[R] Plot different regression models on one graph
Peter Ehlers
ehlers at ucalgary.ca
Mon Feb 15 14:27:45 CET 2010
Keith, we seem to agree, more or less.
I take a simple approach to model fitting: absent any
compelling reason for a particular form (here: cubic),
I consider that form to be speculative, sometimes
reasonably well supported by the data, sometimes not.
For the OP's data, the evidence for a cubic model is
all but nonexistent. Based on those data, I would never
recommend a cubic model to a client. As to how one
chooses to assess the (in)adequacy of the model, I'm
well aware of the various more formal techniques, but
they're often not needed.
(The use of poly() in this example saves typing.)
-Peter Ehlers
kMan wrote:
> Dear Peter,
>
> Ah, I see your point, Professor. The point at x=23.5 is carrying the model.
> Allow me to clarify. I was making a similar point.
>
> I was suggesting that the cube term could be left in the model, as you did,
> but rather than dropping the data-point, another model is fit with an
> additional parameter added to control for the suspected outlier -
> essentially a point discontinuity.
>
> Note that the call to poly() is not necessary for the graphical
> representation, so I'll continue the example without it.

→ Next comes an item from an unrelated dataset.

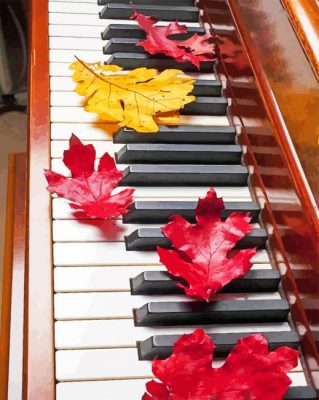 Piano And Autumn Leaves paint by numbers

> fm3<-lm(y~x+I(x^2)+I(x^3), data=dat)
> fm3.c<-coef(fm3)
>
> # drop data point alternative subseting using logical indexes.
> index<-dat$x!=23.5
> x2<-x[index]
> x2<-dat$x[index]
> y2<-dat$y[index]
> fm4<-lm(y2~x2+I(x2^2)+I(x2^3), data=dat)
>
> # controlling for the potential outlier in the model, without throwing out
> the data.
> ctrl<-rep(0,length=dim(dat)[1])
> ctrl[dat$x==23.5]<-resid(fm3)[[dat$x==23.5]
> fm5<-lm(y~x+I(x^2)+I(x^3)+ctrl, data=dat)
>
> # avoids the predict & lines calls, but requires knowledge of the model.

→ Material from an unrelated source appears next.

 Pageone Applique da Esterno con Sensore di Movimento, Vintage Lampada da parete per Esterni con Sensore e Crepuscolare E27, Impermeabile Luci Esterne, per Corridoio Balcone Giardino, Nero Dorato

> curve(fm3.c[1]+fm3.c[2]*x+fm3.c[3]*x^2+fm3.c[4]*x^3, col="green", add=TRUE)
> curve(fm4.c[1]+fm4.c[2]*x+fm4.c[3]*x^2+fm4.c[4]*x^3, col="green", add=TRUE)
> # plot dropped outlier
> curve(fm5.c[1]+fm5.c[2]*x+fm5.c[3]*x^2+fm5.c[4]*x^3, col="purple", add=TRUE)
> # plot without ctrl variable
>
> anova(fm5)
>
> Tells us how much difference one point made, sacrificing a df just to ensure
> we're not throwing out information haphazardly. F>1 or whatever cutoff you
> want to use. If it turns out that the point is important, then at least its
> existence & effect was documented.
>
> There is some irony, I suppose, that the graphical representation of
> dropping the point vs. adding a control variable, is equivalent for this
> example. I have not decided how I feel about that yet, but I do have a
> splitting headache.
>
> Sincerely,
> KeithC.
>
> -----Original Message-----
> From: Peter Ehlers [mailto:ehlers at ucalgary.ca]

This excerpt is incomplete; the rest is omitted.